Author’s Note: This is a pastoral letter written to members of our church whose parents are opposed to them being baptized. If you are in this situation, please seek the wisdom and guidance of your local church pastor.

Editor’s Note: This essay was first published in The Gospel Coalition Australia. It has been republished here with permission from the author.


Dear brothers and sisters,

I thank God so much for your faith in Christ. As first-generation Christians, many of you have chosen to follow Jesus despite strong opposition from your parents.

Some of you have been called fools, others have been banned from attending church, and I know one brother has even been forced out of his home. You have paid a price few other Christians in the West will ever pay and for that, I praise God and honor you.

All of you now face an important decision: will you be baptized against your parents’ wishes? Some of you have been told to wait until you graduate and others until your grandparents die.

I know how much you love your parents and want to honor them. And I see how deeply you love your heavenly Father and want to follow him.

While each of your situations is unique in its own way, I hope that these brief thoughts might help you make a wise and prayerful decision.

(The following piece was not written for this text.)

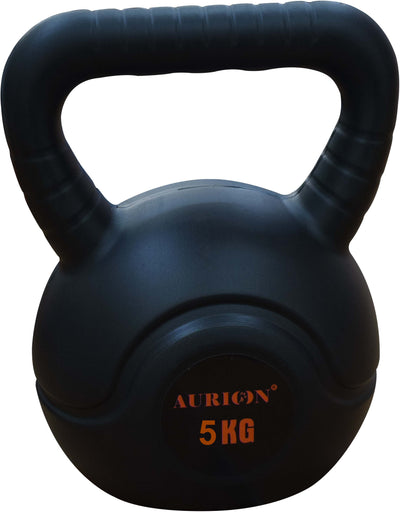 Aurion by 10Club Premium Strength Training Kettlebells for Weightlifting - 1Pc (5 Kg | Black) | Gym Equipment | Heavy Workout | Fitness Iron | Heavy Lifting for Men and Women | Home Gym | Plates Exercise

Your Earthly Family Really Matters

Firstly, please don’t think that God doesn’t care about your family. He loves them far more than you can imagine and he wants you to love, respect, and honor them.

In the Old Testament, God explicitly commands that we honor our father and mother. In fact, how we honor them is indicative of how we glorify God (Exod 20:12; Deut 5:16). Right throughout Proverbs, we find that following our parents’ instruction is a mark of true wisdom.

And it’s no different in the New Testament. How we care for our parents, particularly in their older age, is deeply connected with the gospel (1 Tim 5:8). The last thing that God wants is for you to dishonor your parents, especially in the name of man-made religious traditions (Mark 7:8–13).

Of course, baptism isn’t a man-made religious tradition; it’s Jesus’ continuing gift and command to his church (Matt 28:18–20). It’s the outward sign that we belong to him.

But baptism isn’t what makes us belong. We’re saved not by the water of baptism but the blood of Christ (1 Cor 10:1–5; 1 Peter 3:21–22). With or without it, we already belong to God by grace alone through faith alone in Christ alone.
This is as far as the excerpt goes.